Après avoir défendu des milliers de personnes physiques ou morales ciblées par des mesures discriminatoires et injustes, c’est aujourd’hui à notre tour d’en faire les frais. De même que pour bon nombre de cas que nous défendons, la mise en cause du CCIF ne correspond ni à une réalité factuelle, ni à une réalité juridique, mais à une volonté politique : criminaliser la lutte contre l’islamophobie.
Aujourd’hui, il y a de sérieuses questions à poser aux services de renseignements, dont les moyens ont été davantage dirigés ces derniers jours contre les associations qualifiées à tort de « séparatistes » que sur les véritables signes de terreur que présentait sur Twitter le terroriste de Conflans, déjà plusieurs mois avant les faits. Il s’agit, de la part du ministère de l’intérieur, d’une diversion hautement habile pour nier sa responsabilité et son échec à préserver la sécurité de tous les citoyens.
Nous l’avons dit, et cela a très vite été démontré par les différentes enquêtes et publications médiatiques : le CCIF n’a strictement rien à voir dans la campagne de harcèlement qui a mené à l’attentat ignoble de Conflans-Sainte-Honorine. Le fait même de devoir le rappeler est une insulte à notre équipe, nos adhérents et tous nos partenaires, qui savent comment nous travaillons. Les faits sont simples dans cette affaire : plusieurs jours après la diffusion et la circulation de la vidéo, nous avons été saisis par le parent auteur de la vidéo afin d’ouvrir un dossier de discrimination, basé sur le fait que l’enseignant aurait demandé aux élèves musulmans de quitter la salle de cours pendant la présentation d’une caricature du prophète Mohammad nu. La première chose que nous avons faite a été de demander à ce parent de retirer immédiatement cette vidéo et de cesser toute communication sur ce sujet, en attendant qu’une personne de l’assistance revienne vers lui pour initier la procédure de vérification des faits, qui n’a finalement pas pu se faire puisque l’irréparable a eu lieu. Compte tenu de ces faits, nous saisirons la justice à chaque fois que nous serons diffamés ou que notre honneur sera sali par des allégations mensongères. En nous accusant, sans preuves, d’être responsables ou mêmes liés à cet acte abominable, le ministère de l’intérieur est en train de signer la fin de l’état de droit.

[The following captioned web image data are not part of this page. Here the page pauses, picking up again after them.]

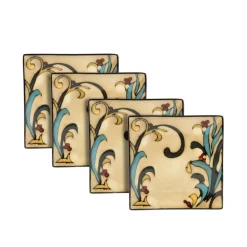 Belmont Set of 4 Square Leaves Salad Plates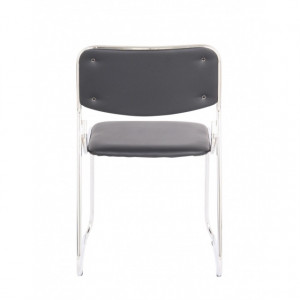 Scaun vizitator Eco, negru, 40x43x76 cm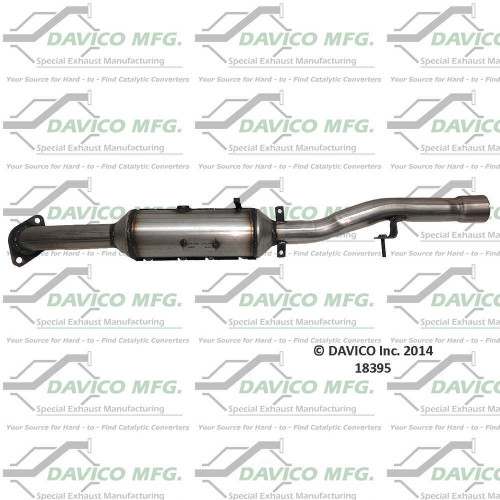 Catalytic Converter-Exact-Fit Davico 18395 fits 09-13 Mitsubishi Lancer 2.4L-L4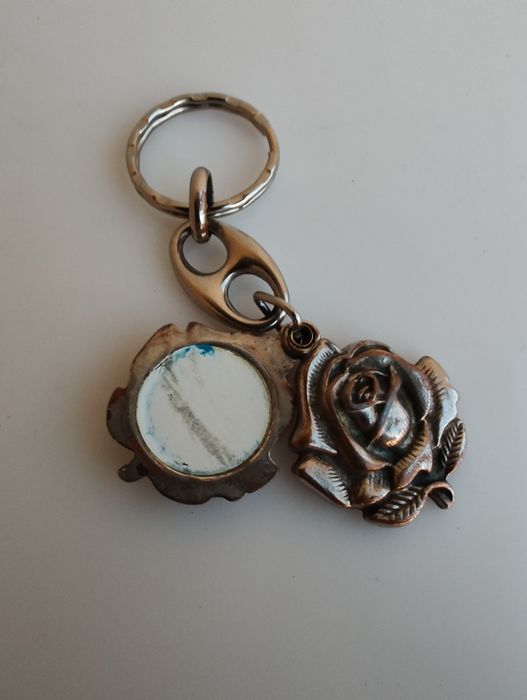 Breloczek róża wisiorek ze zdjęciem
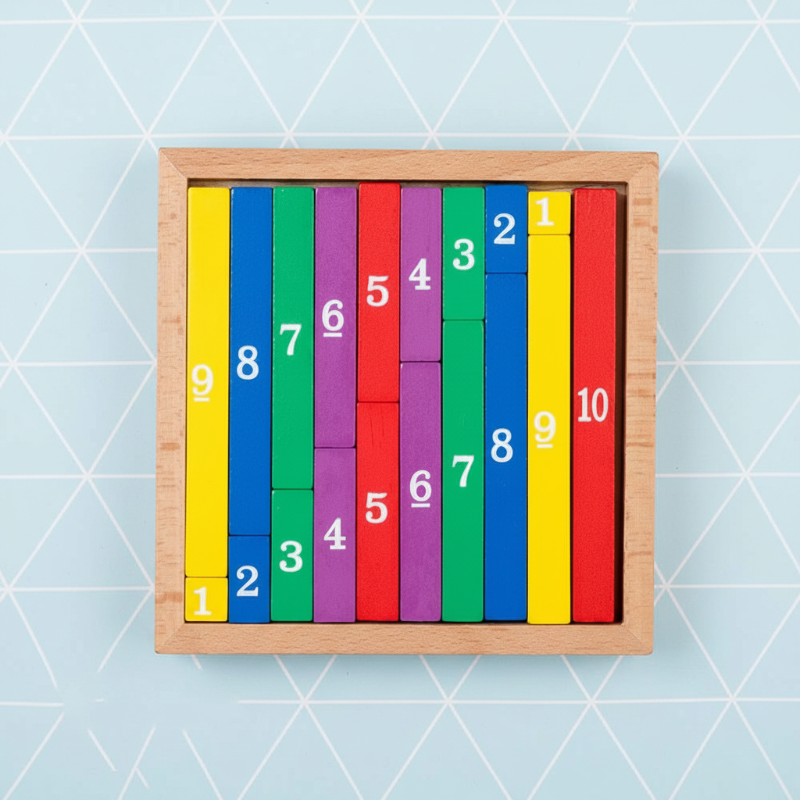 TinyMath – Educational & Informative – Wooden Number Math Board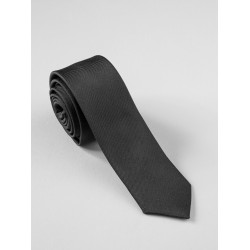 Cravata ingusta neagra 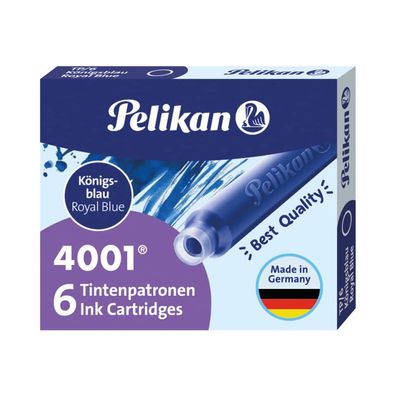 Pelikan Tintenpatronen 4001 königsblau TP/6 VE=6 Stück 301176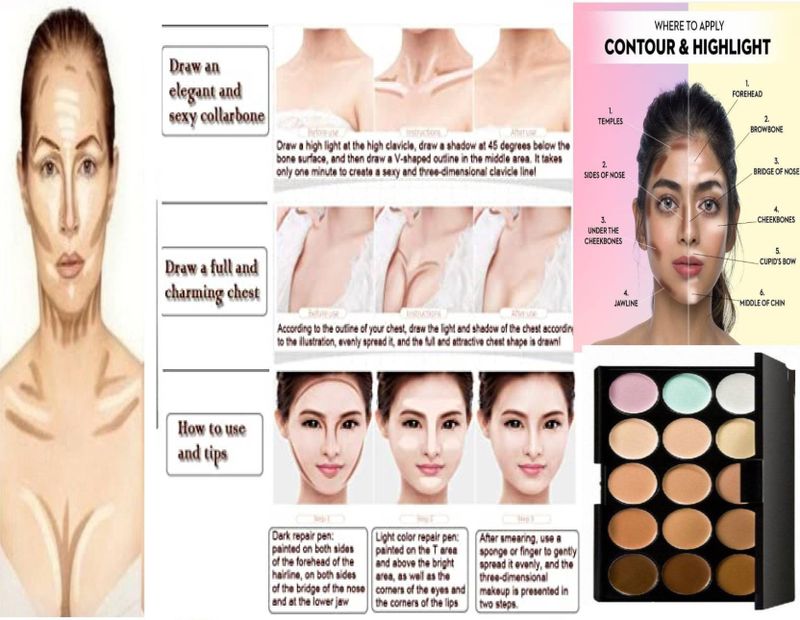 INWISH Makeup Box with 91-Piece Kit for Bridal Makeup Pack of 91 - Image 5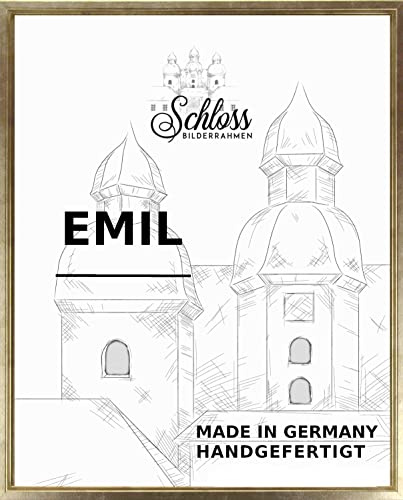 Schloss BILDERRAHMEN Emil 40x40 cm, Schattenfugenrahmen Dekor Gold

Dans ces moments sombres, on a un choix à faire : soit on fait le jeu de division des terroristes en visant les musulmans, soit on fait société, en luttant à la fois contre le terrorisme et contre toutes les formes de racisme. Par ces déclarations sur la dissolution du CCIF, ces personnalités politiques jouent le jeu des terroristes, en clivant la société et en obligeant les gens à choisir entre lutte contre le terrorisme et lutte contre le racisme, au lieu de rassembler et de lutter contre les deux. En contournant la loi, et en assumant vouloir « faire passer des messages » par des actes politiques, Gérald Darmanin agit en dehors et contre le droit républicain. Les perquisitions ne sont ainsi plus un outil de contrôle des criminalités réelles, mais un moyen d’intimidation politique. Sous prétexte que les lois actuelles ne lui permettraient pas de « lutter contre l’islamisme », le ministère de l’intérieur enfreint donc la loi en attendant de pouvoir la modifier. C’est un échec majeur, qui ouvre la voie à l’extrême-droite dans sa quête du pouvoir. Si on dit aux musulmans qu’ils n’ont plus le droit de défendre leurs droits, c’est que les terroristes et les racistes ont gagné. Il en va de nos libertés à tous.

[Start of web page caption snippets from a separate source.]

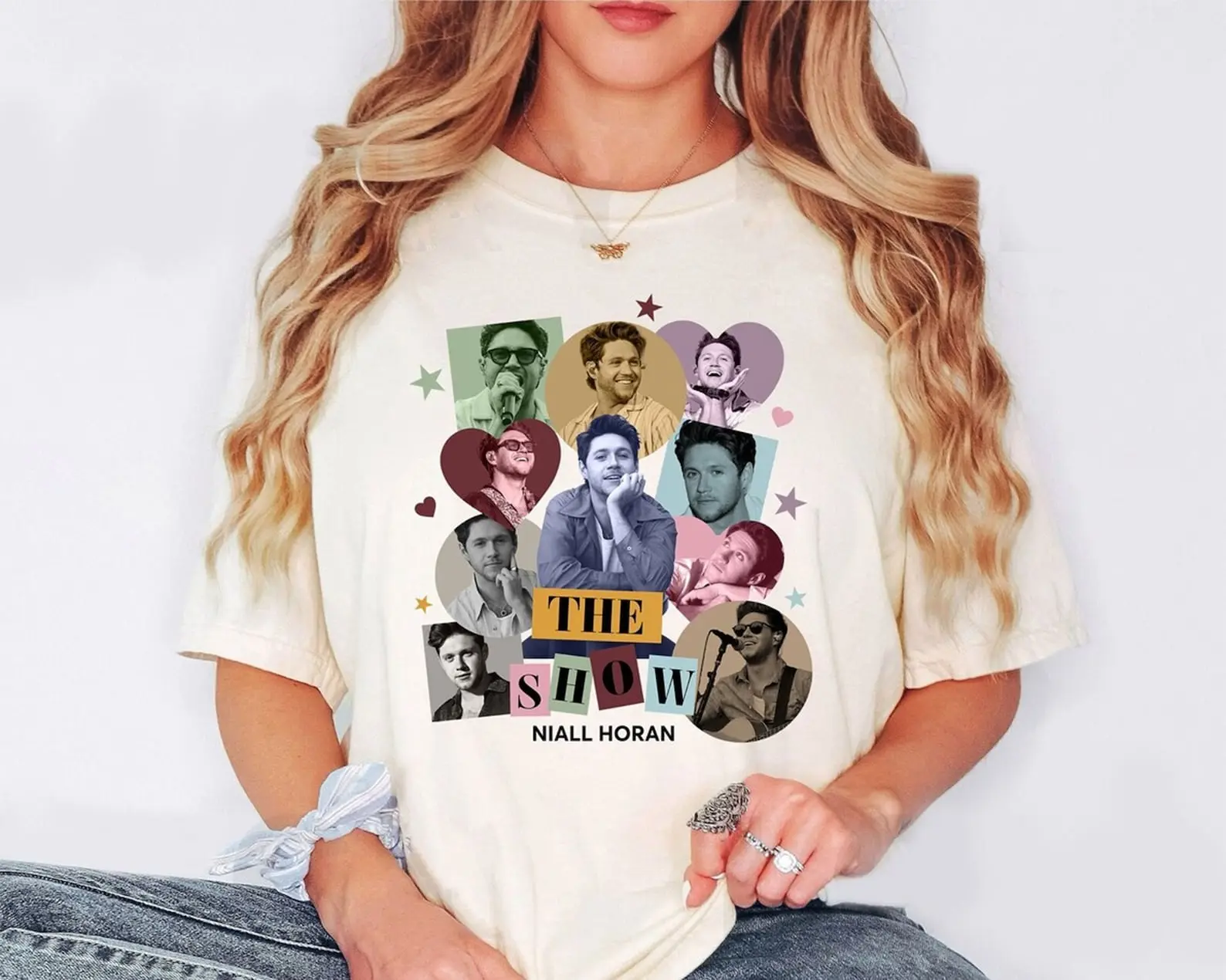 Niall Horan Shirt, The Show Niall Horan 2024 Shirt, Niall Horan Concert Gift for Fan, Niall Horan Merch, Crew Neck T-Shirt, Clothing Casual, Anniversary gift, High Quality, cheap tees, Gift for Friend, graphic tees, Many Colors Size S To XL, tiktok shop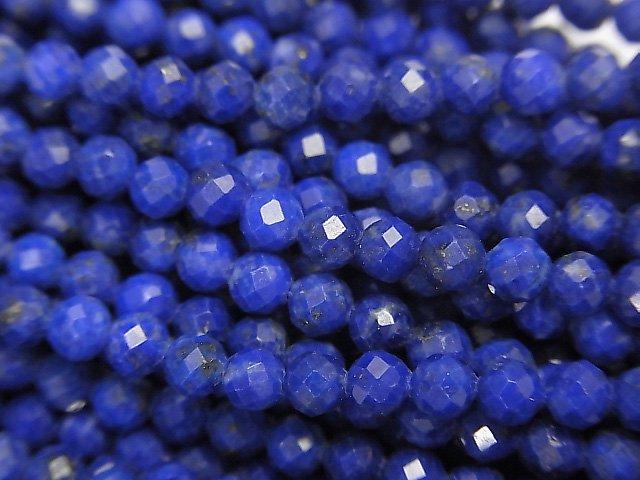 1strand $9.79! High Quality!  Lapislazuli AA++ Faceted Round 3mm  1strand beads (aprx.15inch/38cm)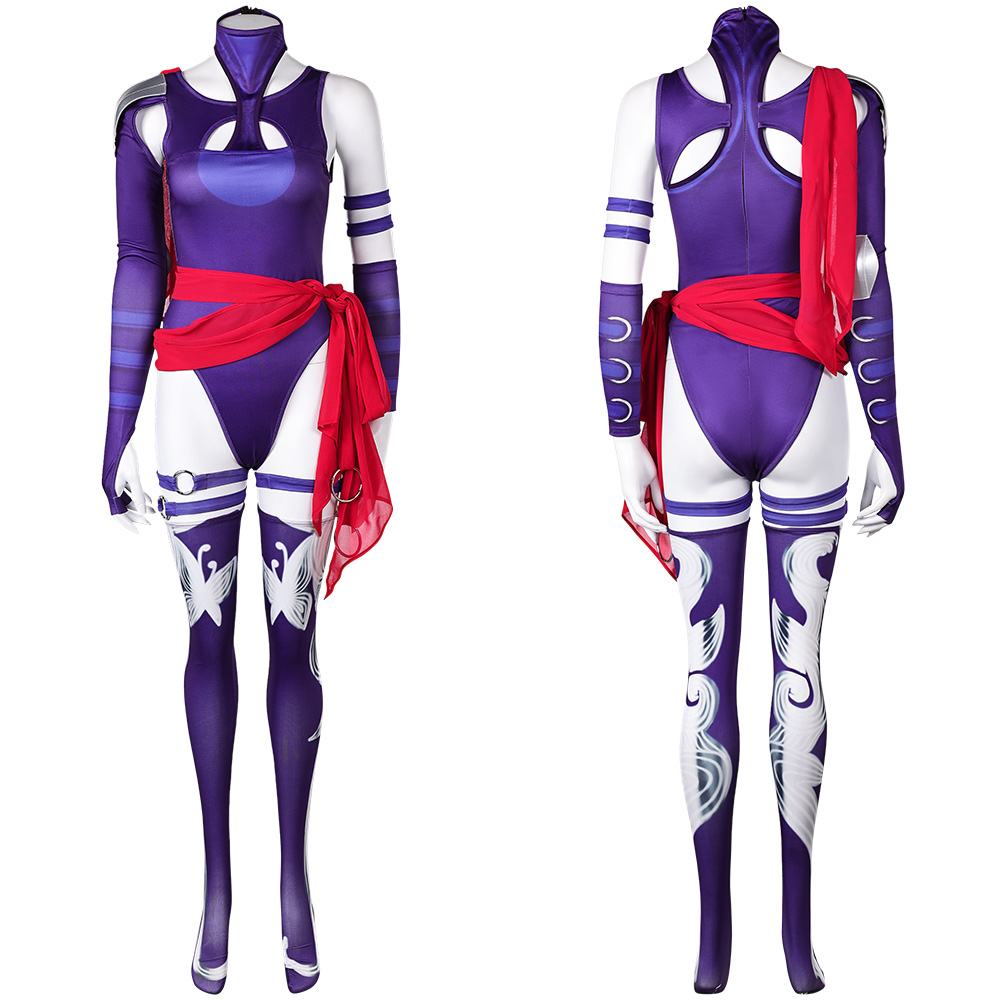 Rivals Psylocke Vengeance Skin Outfits Halloween Carnival Cosplay Costume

La campagne qui est menée précisément contre le CCIF, ainsi que d’autres associations comme la mosquée Omar, « Apprendre & Comprendre », Barakacity ou Ummah Charity, s’inscrit dans une dimension politique trouble. Celle où, depuis plusieurs années, le pouvoir en place développe une stratégie répressive de persécution, qui cherche à tuer politiquement toute contestation… au nom même de la « liberté d’expression».